Incorrect results are computed because the func and data state variables are shared between threads. Thus when one thread changes func's value, the other thread is also affected. In Maple 17, this can be fixed by declaring the state variables as thread_local . This means that each thread will maintain its own value for the state variables. Thus changing the value in one thread will not effect other threads.

 > MapperTL := module () local func::thread_local, data::thread_local; export setMapper, ModuleApply;   setMapper := proc (f::procedure, d::anything) func := f; data := d; NULL end proc; ModuleApply := proc (d) map(func, d, data) end proc end module;

 > adderTL := proc () MapperTL:-setMapper(proc (x, y) options operator, arrow; x+y end proc, 1); MapperTL([seq(i, i = 1 .. 10)]) end proc;

 > adderTL();

 > multerTL := proc () MapperTL:-setMapper(proc (x, y) options operator, arrow; x*y end proc, 3); MapperTL([seq(i, i = 1 .. 10)]) end proc;

 > multerTL();

Executing this version, using the thread local variables, will return the expected result.

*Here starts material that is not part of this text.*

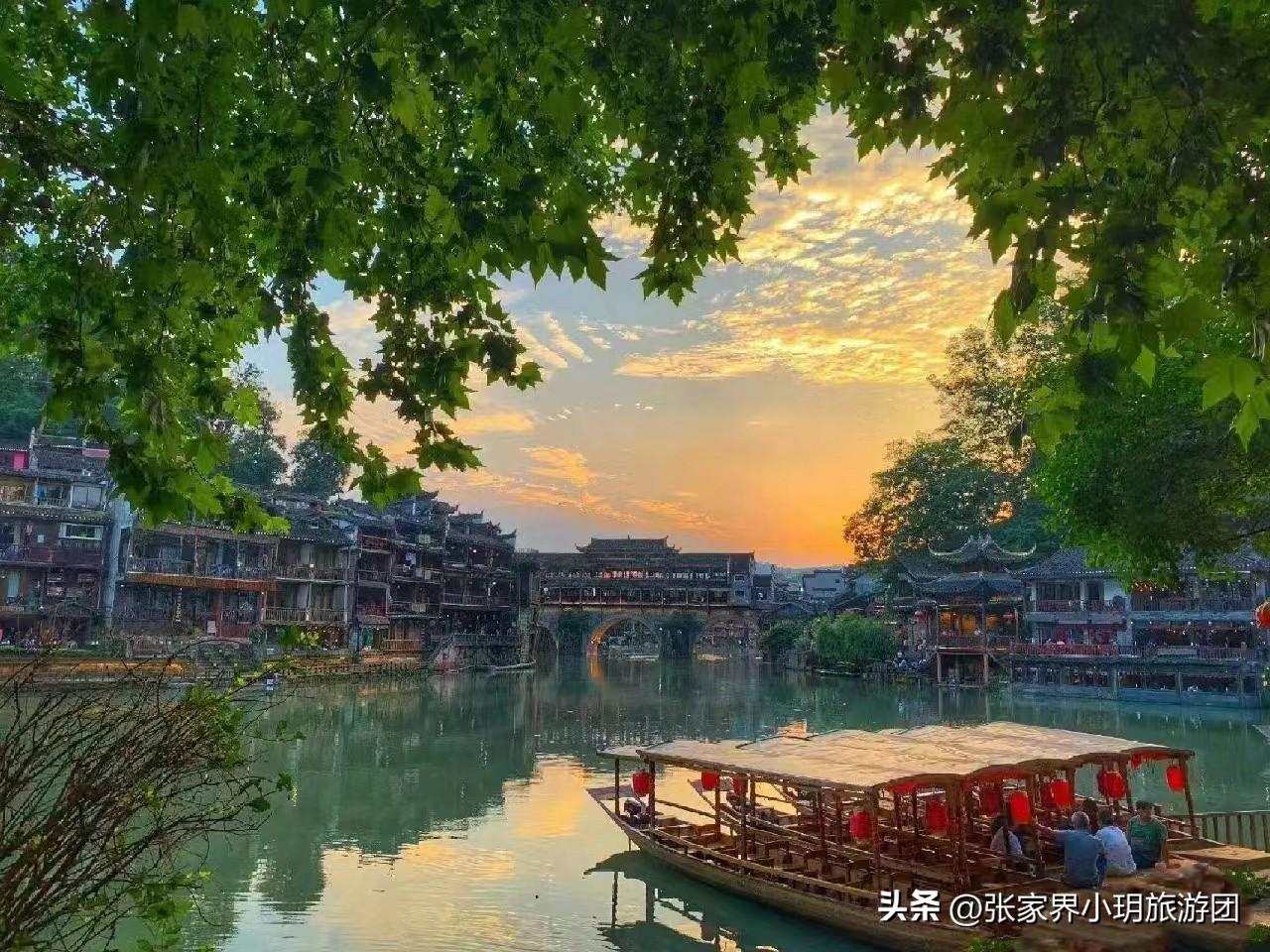 湖南凤凰旅游景点_湖南凤凰旅游攻略_湖南凤凰一日游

 > Threads:-Task:-Start(passed, Task = [adderTL], Task = [multerTL]);

 > Threads:-Task:-Start(passed, Task = [adderTL], Task = [multerTL]);

 > Threads:-Task:-Start(passed, Task = [adderTL], Task = [multerTL]);

 > Threads:-Task:-Start(passed, Task = [adderTL], Task = [multerTL]);

 > Threads:-Task:-Start(passed, Task = [adderTL], Task = [multerTL]);